Lily shakes her head. “No one ever takes off my mask. Only I do that, when and if I choose to.”

“I think I’m going to go home. I’ll see you tomorrow, maybe.”

“What’s wrong?”

“I’m feeling a bit sad.”

“Why? Because I won’t take off my mask?”

“That’s just a symptom. The spot I take up in your heart seems… so small. It’s hard for me to get used to that.”

“What makes you think so?”

“Your unwillingness to be truthful,” he says, leaning against a lamppost. “You allow me to believe things that are completely inconsistent with ways that you act, and you don’t bother explaining the inconsistencies, as though I’m not even worth the trouble.”

“What inconsistencies?”

“You let me believe that you absolutely have to wear a mask in public so that you won’t be harassed by strangers, but then why do you put it on when I go to the bathroom in your apartment? It insults my intelligence. Also, you refuse to take off your mask to go to this private party, and yet you took your mask off at the bookstore on our first date. So why can’t you take it off now as a special favor to me? My friends aren’t going to pester you the way those jerks did at the bookstore.”

Head hanging, shoulders drooping, Lily says nothing. She can’t explain to him that she puts on her mask when he goes to the bathroom because there’s no music in the bathroom and when he emerges from it, he’ll see her in all her ugliness; he’ll instantly recognize her as Lily until the music’s power takes hold of his brain again.

He continues. “I want to help you find another way to deal with the problems you’re struggling with that make you wear the mask.”

“That’s not likely to happen. I’ve been wearing a mask for fifteen years.”

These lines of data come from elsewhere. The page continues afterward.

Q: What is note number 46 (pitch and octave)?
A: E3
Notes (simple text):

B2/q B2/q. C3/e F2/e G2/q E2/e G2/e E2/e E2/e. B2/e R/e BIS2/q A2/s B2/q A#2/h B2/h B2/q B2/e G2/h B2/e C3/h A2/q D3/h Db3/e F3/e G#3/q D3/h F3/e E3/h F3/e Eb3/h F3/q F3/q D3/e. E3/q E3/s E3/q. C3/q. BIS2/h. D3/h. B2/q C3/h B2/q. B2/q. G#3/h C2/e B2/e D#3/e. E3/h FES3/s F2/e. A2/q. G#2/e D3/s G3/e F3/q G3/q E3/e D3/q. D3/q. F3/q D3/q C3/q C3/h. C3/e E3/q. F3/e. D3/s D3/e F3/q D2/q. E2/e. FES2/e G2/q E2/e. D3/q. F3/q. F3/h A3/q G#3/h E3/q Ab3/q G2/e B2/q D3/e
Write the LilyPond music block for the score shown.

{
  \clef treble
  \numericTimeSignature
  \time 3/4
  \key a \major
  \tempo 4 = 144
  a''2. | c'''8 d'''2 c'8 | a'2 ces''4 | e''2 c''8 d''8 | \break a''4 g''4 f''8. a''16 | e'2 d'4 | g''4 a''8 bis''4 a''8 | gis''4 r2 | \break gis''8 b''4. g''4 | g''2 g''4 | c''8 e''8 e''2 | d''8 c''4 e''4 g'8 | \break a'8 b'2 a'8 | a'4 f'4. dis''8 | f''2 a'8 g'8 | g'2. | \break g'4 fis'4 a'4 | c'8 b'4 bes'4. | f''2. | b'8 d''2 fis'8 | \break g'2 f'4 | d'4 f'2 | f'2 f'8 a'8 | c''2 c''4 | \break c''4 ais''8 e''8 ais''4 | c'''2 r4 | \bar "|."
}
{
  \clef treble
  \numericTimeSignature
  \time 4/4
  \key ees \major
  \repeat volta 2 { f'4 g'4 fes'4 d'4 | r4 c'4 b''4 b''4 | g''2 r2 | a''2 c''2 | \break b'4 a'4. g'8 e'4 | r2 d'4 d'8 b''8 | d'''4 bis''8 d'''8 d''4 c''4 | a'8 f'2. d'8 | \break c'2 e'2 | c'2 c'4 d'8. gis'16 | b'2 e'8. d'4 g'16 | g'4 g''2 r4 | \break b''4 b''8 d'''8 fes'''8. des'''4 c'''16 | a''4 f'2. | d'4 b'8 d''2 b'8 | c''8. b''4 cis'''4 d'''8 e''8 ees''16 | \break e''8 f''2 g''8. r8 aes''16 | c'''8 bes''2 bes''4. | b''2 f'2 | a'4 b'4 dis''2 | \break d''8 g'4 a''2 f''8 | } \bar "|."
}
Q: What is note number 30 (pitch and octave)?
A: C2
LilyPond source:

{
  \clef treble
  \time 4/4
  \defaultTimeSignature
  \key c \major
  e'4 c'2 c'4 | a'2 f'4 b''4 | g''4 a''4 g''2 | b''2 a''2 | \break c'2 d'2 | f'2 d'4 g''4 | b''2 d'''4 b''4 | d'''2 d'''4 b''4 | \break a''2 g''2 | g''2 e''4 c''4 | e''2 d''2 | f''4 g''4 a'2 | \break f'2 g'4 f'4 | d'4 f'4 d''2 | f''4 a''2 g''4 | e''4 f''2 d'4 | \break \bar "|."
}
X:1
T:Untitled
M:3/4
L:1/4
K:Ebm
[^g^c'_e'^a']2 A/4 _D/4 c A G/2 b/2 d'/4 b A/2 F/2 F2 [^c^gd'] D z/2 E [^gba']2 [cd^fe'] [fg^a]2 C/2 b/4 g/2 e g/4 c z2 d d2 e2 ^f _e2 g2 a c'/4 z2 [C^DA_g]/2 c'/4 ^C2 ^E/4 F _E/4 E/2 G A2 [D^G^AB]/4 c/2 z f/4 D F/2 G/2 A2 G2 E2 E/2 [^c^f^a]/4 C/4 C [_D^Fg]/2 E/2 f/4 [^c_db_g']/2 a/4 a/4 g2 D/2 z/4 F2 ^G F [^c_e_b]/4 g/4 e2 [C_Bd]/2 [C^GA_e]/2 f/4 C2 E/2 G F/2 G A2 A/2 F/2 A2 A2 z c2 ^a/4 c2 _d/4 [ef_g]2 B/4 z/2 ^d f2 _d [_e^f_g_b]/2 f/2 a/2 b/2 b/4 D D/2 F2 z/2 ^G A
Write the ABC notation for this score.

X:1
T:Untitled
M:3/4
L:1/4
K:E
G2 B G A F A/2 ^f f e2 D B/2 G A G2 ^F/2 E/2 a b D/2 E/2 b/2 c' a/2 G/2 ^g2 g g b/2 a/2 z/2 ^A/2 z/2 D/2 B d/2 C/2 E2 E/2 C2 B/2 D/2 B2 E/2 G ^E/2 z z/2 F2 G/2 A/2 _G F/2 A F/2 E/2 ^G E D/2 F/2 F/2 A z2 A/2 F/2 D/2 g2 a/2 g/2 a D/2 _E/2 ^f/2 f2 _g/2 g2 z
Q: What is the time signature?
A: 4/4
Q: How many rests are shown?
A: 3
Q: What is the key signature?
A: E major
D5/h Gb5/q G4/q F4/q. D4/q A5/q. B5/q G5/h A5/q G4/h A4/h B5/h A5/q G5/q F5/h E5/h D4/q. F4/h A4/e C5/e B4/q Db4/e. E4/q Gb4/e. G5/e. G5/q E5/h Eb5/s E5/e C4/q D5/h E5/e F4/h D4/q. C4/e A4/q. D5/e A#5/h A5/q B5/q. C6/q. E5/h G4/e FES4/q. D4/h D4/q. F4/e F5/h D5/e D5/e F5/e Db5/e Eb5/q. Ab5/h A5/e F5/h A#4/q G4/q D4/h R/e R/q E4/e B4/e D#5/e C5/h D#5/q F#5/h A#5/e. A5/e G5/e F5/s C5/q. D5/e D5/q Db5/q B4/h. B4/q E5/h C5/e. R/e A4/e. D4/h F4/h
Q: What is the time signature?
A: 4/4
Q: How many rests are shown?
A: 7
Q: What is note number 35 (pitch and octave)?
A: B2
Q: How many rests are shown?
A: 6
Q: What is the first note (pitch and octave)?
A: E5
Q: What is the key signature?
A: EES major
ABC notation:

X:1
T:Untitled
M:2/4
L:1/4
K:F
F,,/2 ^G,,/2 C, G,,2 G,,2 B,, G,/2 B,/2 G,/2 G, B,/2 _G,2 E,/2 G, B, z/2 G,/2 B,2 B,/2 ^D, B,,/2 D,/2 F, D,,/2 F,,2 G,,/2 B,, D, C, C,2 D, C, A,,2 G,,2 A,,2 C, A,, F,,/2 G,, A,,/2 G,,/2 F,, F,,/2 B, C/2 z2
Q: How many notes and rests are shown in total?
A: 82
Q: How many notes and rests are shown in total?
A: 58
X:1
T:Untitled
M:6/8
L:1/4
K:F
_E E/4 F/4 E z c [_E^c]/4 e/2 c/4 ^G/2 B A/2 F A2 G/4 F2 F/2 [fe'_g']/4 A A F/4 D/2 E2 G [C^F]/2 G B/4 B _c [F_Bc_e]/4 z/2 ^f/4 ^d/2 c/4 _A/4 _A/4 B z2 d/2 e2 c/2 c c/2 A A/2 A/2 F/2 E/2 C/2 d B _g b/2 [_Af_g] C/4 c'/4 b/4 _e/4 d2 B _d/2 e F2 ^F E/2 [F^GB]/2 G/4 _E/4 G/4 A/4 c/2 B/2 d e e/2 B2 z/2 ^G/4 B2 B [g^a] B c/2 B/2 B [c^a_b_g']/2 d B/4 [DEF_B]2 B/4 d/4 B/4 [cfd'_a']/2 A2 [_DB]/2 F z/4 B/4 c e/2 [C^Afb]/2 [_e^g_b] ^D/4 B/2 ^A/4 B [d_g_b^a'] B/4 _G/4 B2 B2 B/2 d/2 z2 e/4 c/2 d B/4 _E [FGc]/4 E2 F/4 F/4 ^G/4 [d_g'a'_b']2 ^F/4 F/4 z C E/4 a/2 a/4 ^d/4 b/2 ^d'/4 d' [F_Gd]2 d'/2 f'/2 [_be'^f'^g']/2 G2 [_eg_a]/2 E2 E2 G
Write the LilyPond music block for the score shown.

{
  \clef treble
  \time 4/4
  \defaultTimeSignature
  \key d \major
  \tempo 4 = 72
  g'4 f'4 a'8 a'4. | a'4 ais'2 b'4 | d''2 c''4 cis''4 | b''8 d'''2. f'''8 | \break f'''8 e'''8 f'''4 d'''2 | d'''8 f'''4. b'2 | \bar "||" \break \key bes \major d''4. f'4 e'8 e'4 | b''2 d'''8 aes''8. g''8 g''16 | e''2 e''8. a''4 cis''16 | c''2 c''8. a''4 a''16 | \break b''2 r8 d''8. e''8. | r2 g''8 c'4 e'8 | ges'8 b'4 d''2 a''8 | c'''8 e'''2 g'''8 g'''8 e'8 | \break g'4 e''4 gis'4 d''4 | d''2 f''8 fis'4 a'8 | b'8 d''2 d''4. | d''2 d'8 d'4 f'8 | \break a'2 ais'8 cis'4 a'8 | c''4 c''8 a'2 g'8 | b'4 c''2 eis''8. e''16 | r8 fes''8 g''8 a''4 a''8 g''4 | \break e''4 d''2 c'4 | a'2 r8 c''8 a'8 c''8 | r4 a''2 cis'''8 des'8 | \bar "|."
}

“You have?” He pulls her to him and tenderly whispers in her ear, “I knew there was more to it. Things didn’t quite add up. Please open up to me. I want to know you.” He kisses the edge of her ear. “Will you tell me? Let’s forget about the party and go home.”

She nods. They walk back to her place. In her mind, she’s rehearsing Georgia’s concoction. She dreads using it. When she first heard it, she cringed and was tempted to ask Georgia to make it more literary, but Georgia had already made it clear she wouldn’t, that it wouldn’t be effective on Strad.

Strad and Lily go straight to her bedroom. She turns on the music. A minute later, she takes off her mask. She lies next to Strad on the bed.

He strokes her hand. “Tell me everything.”

She gazes at him for a long moment and then takes the plunge into Georgia’s fabrication. She describes at length a torrid history of sexual abuse that supposedly happened up to and including the age of eight, and that involved many pedophiles: her swimming instructor, her neighbor on vacation one summer, an art teacher, etc. The offenses were never genital penetration — because, as Strad knows, she was still a virgin their first night together — but it was everything else. Lily tells him she had an uncle she adored, who’d never laid a finger on her, until one day when he became one of the others. He couldn’t bear the guilt of what he did to her, and what he did to her again twice, and what he knew he would continue doing to her, so he killed himself.